Reducing stress takes effort, but it can be done.

“It’s a cliché, but nobody ever gets better until they truly want to,” Sapolsky says. “All the standard stress-reducing technicalities work with a bunch of caveats: You can’t save stress management for weekends or holidays. It has to be done daily.”

Additionally, he says: “It has to be something you like doing. If meditation makes you want to scream your head off and run amok, as it would for me, it won’t work for you.”

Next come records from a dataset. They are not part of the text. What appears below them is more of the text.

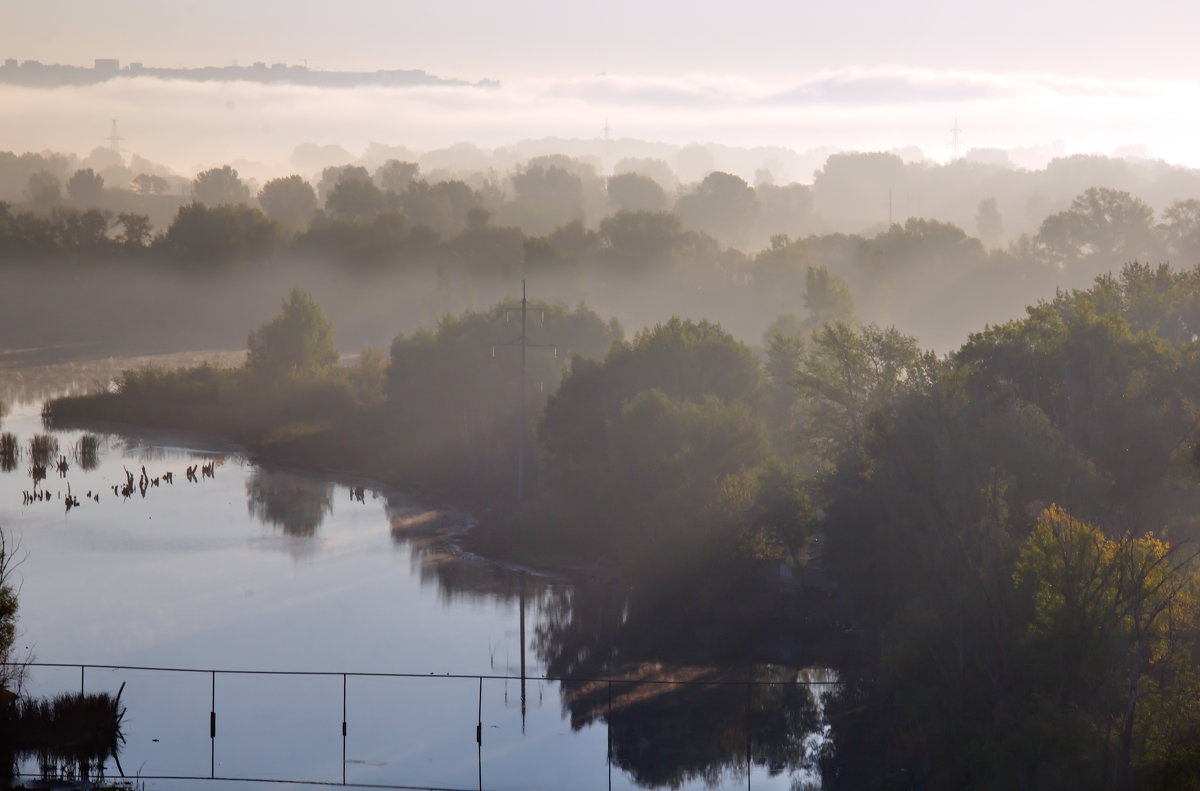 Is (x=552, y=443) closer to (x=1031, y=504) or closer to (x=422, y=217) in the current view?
(x=1031, y=504)

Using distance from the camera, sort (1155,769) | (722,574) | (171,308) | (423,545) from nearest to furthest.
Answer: (1155,769) → (722,574) → (423,545) → (171,308)

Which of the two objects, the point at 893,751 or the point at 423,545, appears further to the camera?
the point at 423,545

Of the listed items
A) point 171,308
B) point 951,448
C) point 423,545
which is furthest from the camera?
point 171,308

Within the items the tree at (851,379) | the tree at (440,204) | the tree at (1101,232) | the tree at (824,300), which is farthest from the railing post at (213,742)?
the tree at (440,204)

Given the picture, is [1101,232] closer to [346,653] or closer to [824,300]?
[824,300]

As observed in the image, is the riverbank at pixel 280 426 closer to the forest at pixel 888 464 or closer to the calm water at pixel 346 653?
the forest at pixel 888 464

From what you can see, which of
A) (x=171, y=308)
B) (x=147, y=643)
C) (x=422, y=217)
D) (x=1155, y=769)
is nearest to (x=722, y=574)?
(x=147, y=643)

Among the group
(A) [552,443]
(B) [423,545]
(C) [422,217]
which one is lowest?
(B) [423,545] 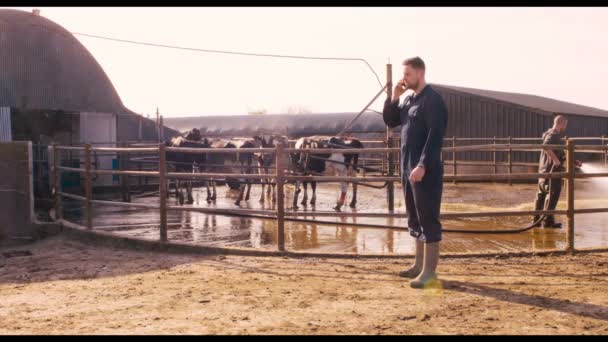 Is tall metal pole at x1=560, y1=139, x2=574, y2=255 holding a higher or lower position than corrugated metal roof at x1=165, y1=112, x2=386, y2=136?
lower

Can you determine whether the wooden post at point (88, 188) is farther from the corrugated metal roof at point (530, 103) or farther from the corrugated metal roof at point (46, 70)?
the corrugated metal roof at point (530, 103)

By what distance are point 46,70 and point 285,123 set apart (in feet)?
69.9

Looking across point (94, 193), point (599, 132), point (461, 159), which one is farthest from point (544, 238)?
point (599, 132)

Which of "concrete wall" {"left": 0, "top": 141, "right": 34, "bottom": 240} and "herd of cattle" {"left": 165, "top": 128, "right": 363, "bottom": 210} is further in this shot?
"herd of cattle" {"left": 165, "top": 128, "right": 363, "bottom": 210}

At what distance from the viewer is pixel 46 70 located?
20062mm

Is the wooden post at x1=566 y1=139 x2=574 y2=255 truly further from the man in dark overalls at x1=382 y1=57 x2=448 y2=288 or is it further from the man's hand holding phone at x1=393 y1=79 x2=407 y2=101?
the man's hand holding phone at x1=393 y1=79 x2=407 y2=101

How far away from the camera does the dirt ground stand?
163 inches

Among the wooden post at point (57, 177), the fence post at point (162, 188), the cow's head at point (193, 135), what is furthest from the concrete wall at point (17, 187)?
the cow's head at point (193, 135)

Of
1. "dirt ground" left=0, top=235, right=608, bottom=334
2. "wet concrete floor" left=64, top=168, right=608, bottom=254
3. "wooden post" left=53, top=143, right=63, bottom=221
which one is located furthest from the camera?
"wooden post" left=53, top=143, right=63, bottom=221

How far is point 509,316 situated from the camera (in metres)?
4.32

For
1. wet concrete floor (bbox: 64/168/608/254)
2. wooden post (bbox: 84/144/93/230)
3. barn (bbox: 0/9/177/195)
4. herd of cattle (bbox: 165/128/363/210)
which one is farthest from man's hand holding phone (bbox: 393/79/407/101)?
barn (bbox: 0/9/177/195)

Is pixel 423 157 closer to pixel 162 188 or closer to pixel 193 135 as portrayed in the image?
pixel 162 188

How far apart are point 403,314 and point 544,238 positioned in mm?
4782

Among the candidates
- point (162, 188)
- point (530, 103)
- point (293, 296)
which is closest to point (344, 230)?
point (162, 188) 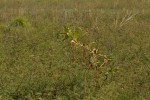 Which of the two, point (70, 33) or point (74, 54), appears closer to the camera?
point (70, 33)

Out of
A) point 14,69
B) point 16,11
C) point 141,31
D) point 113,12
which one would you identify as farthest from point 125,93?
point 16,11

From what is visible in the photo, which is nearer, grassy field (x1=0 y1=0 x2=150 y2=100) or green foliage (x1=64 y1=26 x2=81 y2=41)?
grassy field (x1=0 y1=0 x2=150 y2=100)

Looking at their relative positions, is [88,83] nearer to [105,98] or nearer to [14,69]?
[105,98]

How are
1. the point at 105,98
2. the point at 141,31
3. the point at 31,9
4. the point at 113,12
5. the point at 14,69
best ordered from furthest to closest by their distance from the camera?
the point at 31,9 → the point at 113,12 → the point at 141,31 → the point at 14,69 → the point at 105,98

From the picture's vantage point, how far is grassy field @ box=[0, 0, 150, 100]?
4.30 m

  • Exercise. “We should make time for it,” says Joel Holliner, executive medical director of Green Oaks Psychiatric Hospital and chief of psychiatry at Medical City Dallas Hospital. “It helps us burn off excess adrenaline, one of the fight-or-flight hormones, and to clear our mind.”
  • Practice yoga or meditation. It releases other hormones that are the anti flight-or-flight hormones, Holliner says.
  • Stop ruminating. “You keep reliving the situation and get in a vicious cycle that breaks the brain down more,” says Sandi Bond Chapman, founder of the Center for BrainHealth. “Halt that pattern and change the way you see things.”
  • Change your environment. Chapman was robbed at gunpoint in her home 23 years ago. “I was scared every day of my life,” she says. “I could think coherently, but I was scared. When we moved, I wasn’t scared anymore.”
  • Have a support system. “Just talking to someone who doesn’t offer solutions necessarily, but listens, can help diminish the impact of stressful life events,” Holliner says.
  • Sleep. “It helps restore mental processes,” he says.